J’ai signé et diffusé le Manifeste pour trois raisons principales.

Parce que ce texte pose de manière axiale la question de la montée de l’extrême droite et s’inscrit résolument dans un combat contre les idées qu’elle a imposées. « Aucune concession » ne doit être faite à ces idées, aucun compromis et aucune compromission ne sont acceptables. Le manifeste est clair et très ferme sur cette question.
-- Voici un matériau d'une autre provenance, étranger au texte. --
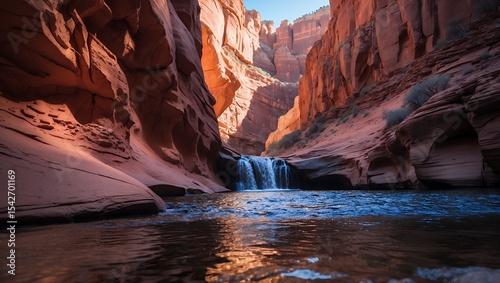 Waterfall Flowing into Desert Canyon with Red Rock Formations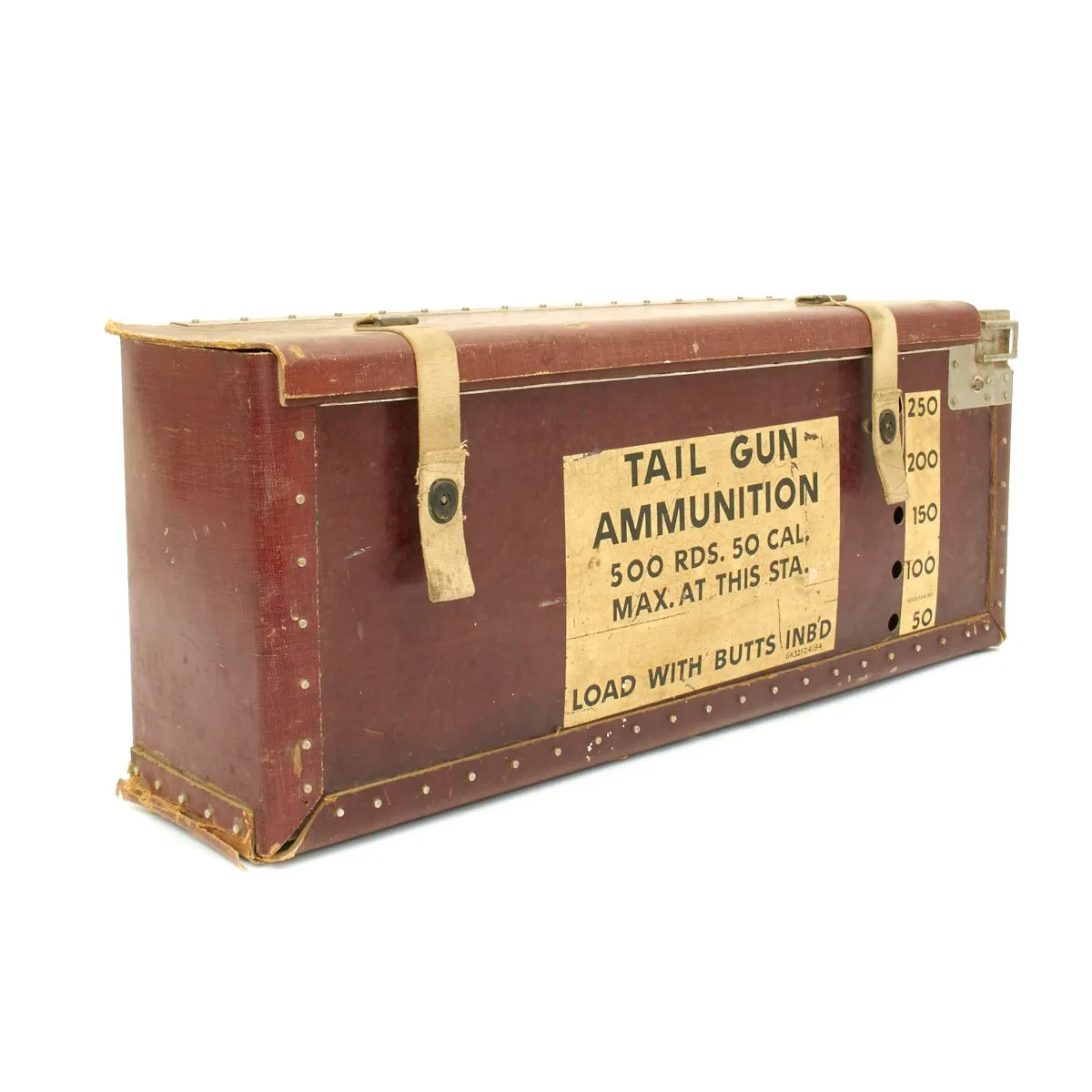 Original U.S. WWII B-17 Flying Fortress .50 Cal Tail Gun Ammunition Box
Parce qu’il identifie clairement les causes des désordres de notre monde et de nos sociétés : non pas la « pression migratoire », comme veulent nous le faire accroire les idéologues de l’extrême droite et des droites extrêmes, mais « la frénésie de la financiarisation, la ronde incessante des marchandises, la spirale des inégalités, des discriminations et de la précarité ». Une idée centrale suscite encore ma pleine adhésion : « Ce n’est pas la main-d’œuvre immigrée qui pèse sur la masse salariale, mais la règle de plus en plus universelle de la compétitivité, de la rentabilité, de la précarité. »
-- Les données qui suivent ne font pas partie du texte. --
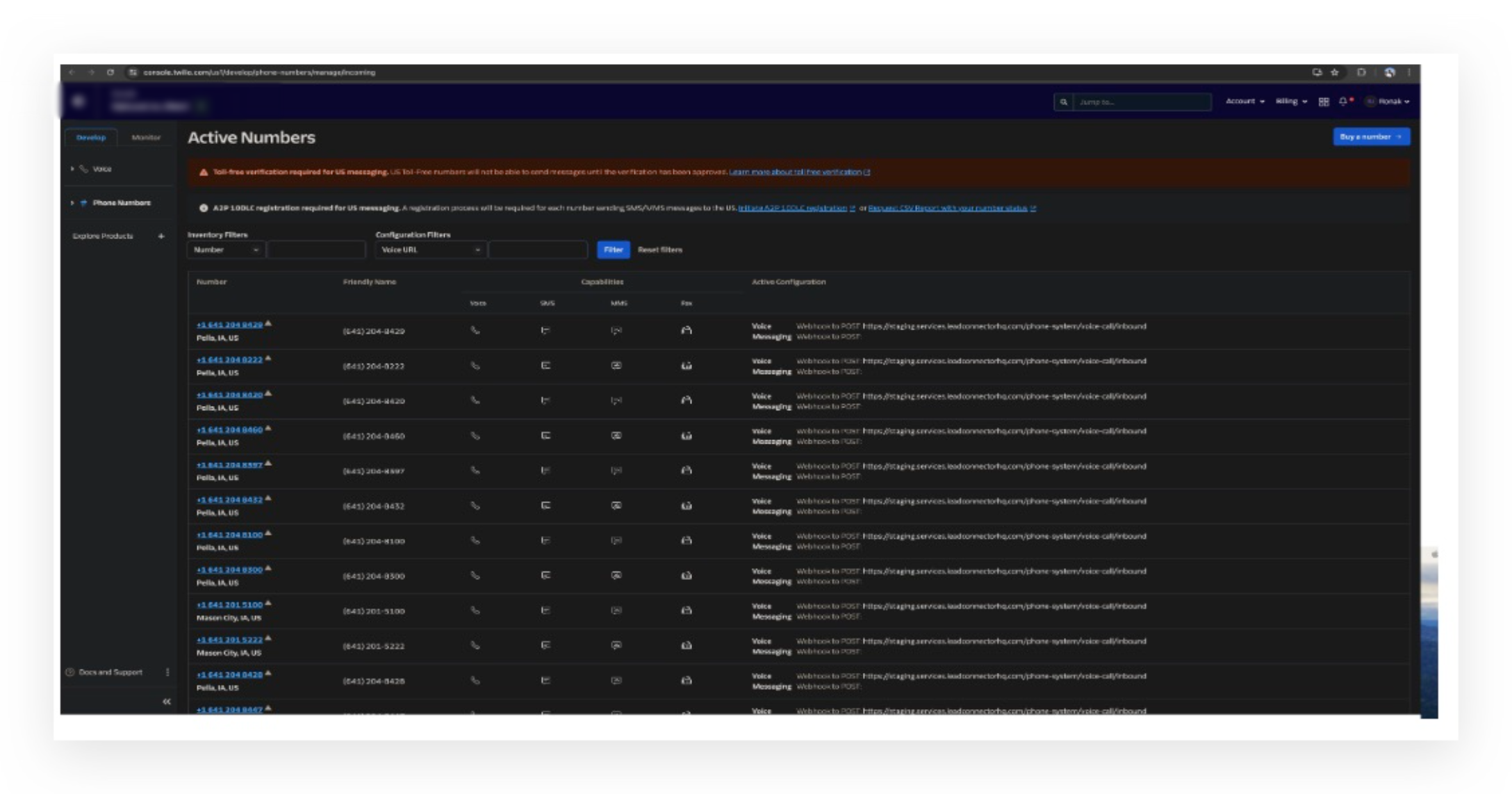 Setting up webhooks to receive incoming calls, messages and status updates for calls (for Twilio users) – Step 1: Open the Phone Number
Parce qu’il met des considérations éthiques et morales au-dessus des questions de politique politicienne. Et c’est pour moi très important. Le texte a le mérite de substituer aux habituels arguments politiciens la question des valeurs : la défense de la liberté de circulation et des droits fondamentaux, « le partage », « l’esprit public ». J’y aurais ajouté pour ma part, et plus explicitement, l’impératif éthique de l’accueil. Mais il est compris par chacune et chacun.
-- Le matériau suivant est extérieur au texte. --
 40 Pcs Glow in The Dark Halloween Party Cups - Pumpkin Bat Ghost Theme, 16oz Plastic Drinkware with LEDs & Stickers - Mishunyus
Manuel Bompard, dans un long argumentaire, expose les raisons pour lesquelles il n’a « pas souhaité signer le manifeste » bien qu’il en « partage pourtant une grande partie de son contenu ».

La première est que le texte « semble considérer que l’explosion des migrations, y compris contraintes, est une fatalité ». Cette lecture ne me semble pas tenir, si l’on veut bien considérer l’ensemble du manifeste qui identifie clairement les causes des phénomènes migratoires et sous-entend évidemment qu’il convient de lutter le plus énergiquement possible contre celles-ci. Quelle rédactrice ou quel rédacteur de ce texte, quel signataire, soutiendrait donc que « l’on ne pourrait rien faire face aux ravages de la mondialisation capitaliste ? ». Aucun. Or c’est sur la base de cette lecture que Manuel Bompard infère ensuite que, selon les auteurs du texte, « s’interroger sur les sources des flux migratoires conduit nécessairement « par être contraint au pire », au « contrôle policier » et à ériger les frontières comme un « mur » ». Mais le texte ne dit pas exactement cela. Il pose que toute logique de contrôle et d’interruption des flux migratoires – et non pas la simple interrogation sur les sources des flux migratoires, ce qui serait absurde ! – conduit automatiquement à des mesures violentes qui s’inscrivent contre les droits fondamentaux et le principe de libre circulation des personnes.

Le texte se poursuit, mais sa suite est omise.